Yesterday, the U.S. bishops reminded congress for the umpteenth time that the choices they make determining what how our country distributes funding are economical, political, and moral.
In a letter to Congress Bishops Stephen Blaire and Richard Pates told our lawmakers that “A just framework for future budgets cannot rely on disproportionate cuts in essential services to poor persons.”
Especially troubling, then, is a New York Times editorial today that criticizes the effects of the sequester on American Indians, most notably through cuts of 5 percent to Indian Health Service, which provides care to two million people. Emergency health care funding for trauma and major surgeries is severely at risk and could run out by the end of the year.
The editorial doesn’t hold back its judgment, saying:
Here lies a little-noticed example of moral abdication. The biggest federal health and safety-net programs — Social Security, Medicaid, the Children’s Health Insurance Program, the Supplemental Nutrition Assistance Program, Supplemental Security Income, and veterans’ compensation and health benefits — are all exempt from sequestration.
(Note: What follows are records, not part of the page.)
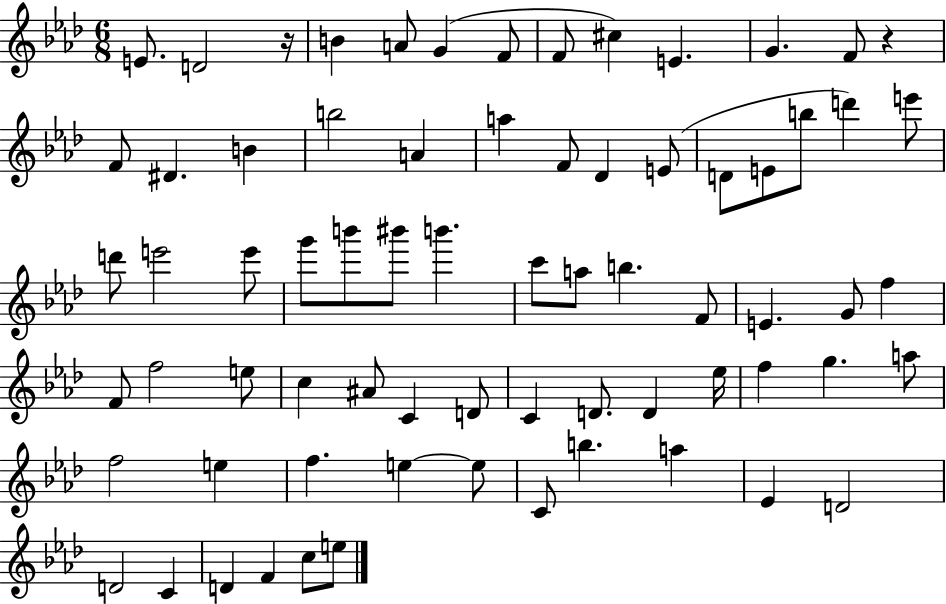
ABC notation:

X:1
T:Untitled
M:6/8
L:1/4
K:Ab
E/2 D2 z/4 B A/2 G F/2 F/2 ^c E G F/2 z F/2 ^D B b2 A a F/2 _D E/2 D/2 E/2 b/2 d' e'/2 d'/2 e'2 e'/2 g'/2 b'/2 ^b'/2 b' c'/2 a/2 b F/2 E G/2 f F/2 f2 e/2 c ^A/2 C D/2 C D/2 D _e/4 f g a/2 f2 e f e e/2 C/2 b a _E D2 D2 C D F c/2 e/2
But the Indian Health Service is not.
The Times points out that many of the people impacted by these cuts, who live in some of the most remote areas of the country, are also some of the country’s poorest and sickest people. This is when it should become the most necessary to provide care—these are the people that should be considered when making economical, political, and moral decisions about spending. The editorial makes a comparison to our country’s care for veterans, saying that Indian health is “supposed to be one area in which duty and compassion trumped cheapness.”
Duty and compassion have not exactly been the standard in our country’s treatment of American Indians. But the Times made it quite clear: "The federal government cannot use its budget nihilism to avoid its moral and legal obligations."